A powerful Titan rocket Wednesday propelled into space a secret Pentagon payload believed to be a pair of advanced satellites for worldwide U.S. military and diplomatic communications.
The 16-story-tall, $65-million Titan 34D roared away from its launch pad and appeared to be flying normally as it rumbled out over the Atlantic through partly cloudy skies.
The fiery exhaust ignited several brush fires that kept the launch pad area closed for more than an hour. There was no damage to facilities, officials said.
The Air Force did not announce the launch in advance, which has been its practice on military space flights for several years. It issued a brief post-launch statement that said only that a Titan 34D had been "launched successfully." It provided no information on the nature of the payload.
Although the Pentagon tried to keep the launch secret, with more than 20,000 employees working at Cape Canaveral and the adjacent Kennedy Space Center, it proved difficult for them to hide the fact that a rocket that large was going to be launched.
Minutes before the Titan 34D lifted off, hundreds of workers poured out of buildings to watch.
Lt. Gen.

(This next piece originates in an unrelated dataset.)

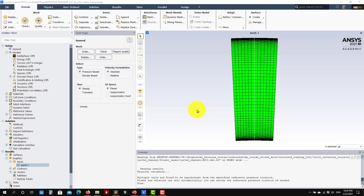Hello, welcome back. So let's work on the case setup for this curved channel. Basically already read the mesh here, remember this is a 2D case. And let's go through the usual case setup. This should be fast.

Aloysius Casey, outgoing commander of the Air Force Space Division, told a space conference last year that the first Titan 34D launched in 1989 would carry up two communications satellites named DSCS, for Defense Satellite Communications System.
Sources close to the project who declined to be identified said Wednesday the DSCS satellites were aboard the Titan 34D. DSCS satellites are built to provide secure voice and high data-rate transmission for American military and diplomatic communications.